Lucy Chang (nee Chung), formerly of Calcutta, tells me the story. The Green Lettuce, she says, caters to “Indians and Caucasians” all around Vancouver. It’s been around since 1999, offering a distinct, spicy, and very Indian style of Chinese food that the local Chinese community – Canada’s largest – disdains.

It’s a big hit, Mrs Chang adds, pointing proudly to a list of Bollywood stars on the front of the menu. “Choice of stars” says the Green Lettuce. The wording is ambiguous, suggesting that the restaurant might offer a choice of stars to sample. In actual fact, what it means is that Hrithik Roshan, Aishwarya Rai and the late Sridevi have frequented the Green Lettuce,  chowing down on fare familiar from home – Hakka noodles, chilli paneer, spicy eggplant and green beans, and much more.

Indian-style Chinese food has a market of its own, so much so that the Green Lettuce has another branch, in Surrey, which has a large Indian community.

Mrs Chang speaks to me in Hindi as she explains how she wound up here in a “desi Chinese” restaurant in Vancouver.
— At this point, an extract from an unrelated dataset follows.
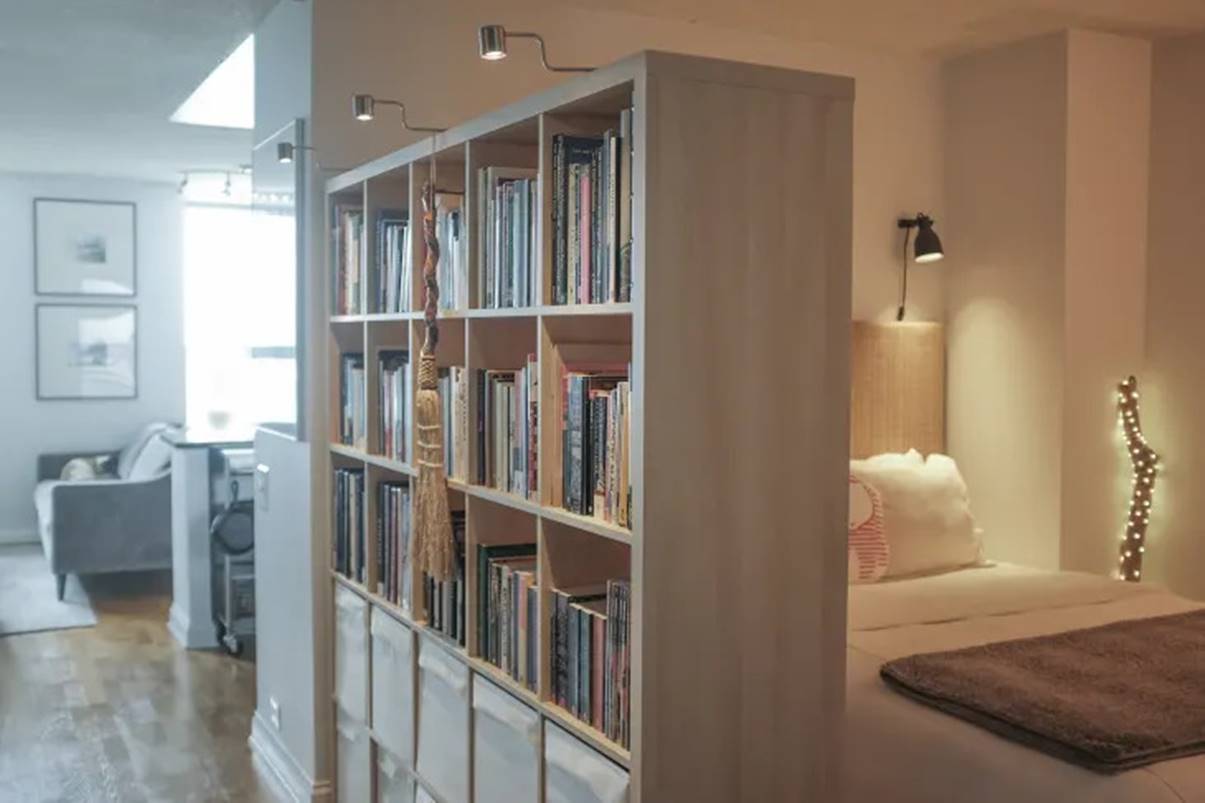 Pembatas Kamar Tidur dengan Rak Buku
In Kolkata, her family was one of the hundreds of thousands who had migrated to India between the 17th and 19th century. “We speak a particular dialect, we are Hakka,” says Mrs Chang, adding that she visited her village, near Guangzhou in China, and was happy to be able to converse in the unique idiom of the Hakka people.

Now, the Indian-Chinese are scattered around the world, she adds, particularly the US, Canada, Europe, New Zealand and Australia. Mrs Chang’s own family is an example. “We are three sisters. One is in Vienna, Austria, the other in Sydney, Australia, and I left Kolkata 30 years ago to come here”.

She laughs. Then in Hindi: “Look how everyone’s different destiny took them to different places”.